In its current state, the memoir has become so disreputable that its relevance in this personality-soaked age is seriously in question.
Happily, there are writers such as Gunter Grass who still respect the form. Now 80, the Nobel Prize winner turns over the stones of his long life to reveal the sources of his inspiration as both artist and writer.
Here we learn how he found the image of a child beating a small drum that he conjured into his first and best-known novel, "The Tin Drum."
by Gunter Grass
At a dinner with his future wife's family in the early 1950s, "a boy about three years of age ... entered the smoke-filled room with a toy drum hanging from his neck and struck the round sheet of tin with wooden sticks. ... He was not to be deterred by bribes of chocolate or silly distractions and seemed to be looking through everyone and everything."
From that episode emerged Oskar Matzerath, the hero of Grass' novel. As the war started, he refused to grow up, staying the childlike innocent amid the horror. He only resumes his growth after the war, becoming a celebrated drummer in a nightclub called the Onion Cellar.
Grass was 11 when his town of Gdansk in Poland was retaken by the Nazis and restored to its German name, Danzig. The child of struggling German grocers, he was a member of Nazi paramilitary youth groups, then was drafted at 17 into the notorious Waffen SS in the last months of the war as a tank gunner.
Grass said he never fired a shot; in the chaotic retreat of the German army, he was wounded by Soviet fire and wound up in an American POW camp after VE Day in 1945.
Later in occupied Berlin, he played the tin washboard in a nightclub band, including one memorable night when Louis Armstrong sat in with his trio.
Parts of all of these experiences were folded into "The Tin Drum." The image of the onion is how Grass connects his life and his work.
In the novel's club, onions are chopped to cause the patrons to cry, for in post-war Germany, Grass says, the traumatized society was unable to mourn. But, "For a fee you could cry your eyes out.
"Which leads me to conclude that of all products of the soil the onion is the best suited to literature," he writes in his memoir. "Whether it unwraps the memory skin by skin or moistens dried-up tear ducts and causes tears to flow, it is a valid metaphor."
Without an onion, the tears do flow in Grass' life, even if some are metaphorical. He gradually learns of the horrors his parents and sister suffered in the Russian occupation of Gdansk, but only much later and from his sister.
His mother offered herself to the rapacious Russian troops to spare the young girl. His mother died in 1954 without revealing her shame.
Grass' early writing efforts were confined to poetry. He worked hard as a young man studying to be a sculptor and painter, working as a stonemason on grave markers and damaged buildings to earn money for his studies.
The late 1940s were a time that most Germans repressed and most Americans cared little about. Grass relives those forgotten times with humor and a resigned nonchalance.
What is striking is the picture of a people all too eager to move on past the enormous weight of the Holocaust and resume their daily lives.
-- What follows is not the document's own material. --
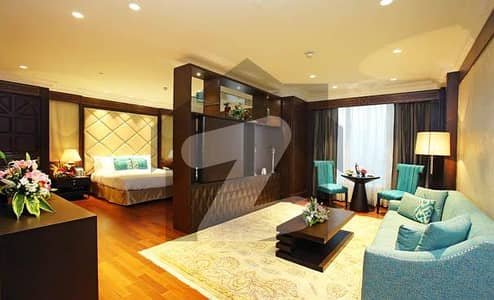 Furnished Hotel Suite Rooms / Studio Apartments For Sale In Saddar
Grass himself makes no excuses and freely shoulders collective guilt for his nation's crimes, but this memoir is a not a confession or plea for forgiveness.
He says he learned of the concentration camps from American troops. His reaction: "'You mean Germans did that?' we kept asking.
"'Germans could never have done that.'
"'Germans don't do that.'
"It was some time before I came gradually to understand and hestitantly admit that I had unknowingly -- or more precisely, unwilling to know -- taken part in a crime that did not diminish over the years and for which no statute of limitations would ever apply, a crime that grieves me still."
As life improved in West Germany, Grass says his paintings and poems found public recognition. Given an Olivetti typewriter as a wedding gift, the fiction writer forming behind the artwork and verse found its outlet.
"After I found that first sentence (for 'The Tin Drum') ... the words never stopped coming. I had no trouble writing from dawn to dusk. Page after page. Words and images pushed and shoved one another, trod on one another's heels: there was so much that wanted to be smelled, tasted, seen, named."
I've read no finer description of the writing experience than that one by Grass and I doubt you will, either.
The moral issues of "Peeling the Onion" are another matter. Grass was a callow teen when he became a soldier in Hitler's army, at a time when the war was lost. He said he and his comrades marched past the corpses of deserters hanged from trees on their way to the front, warnings to stay in line.
Grass served time in a prison camp and work details before rejoining the civilian society where he came to write about the brutality of war. Later in life, Grass worked on a variety of serious causes. His books speak for themselves, including this memoir that ends with publication of "The Tin Drum" in 1959.
How much of it is true will probably be never revealed, but Grass sounds no false-sounding notes. Modest about himself and his works, he merely asks us to listen to his story.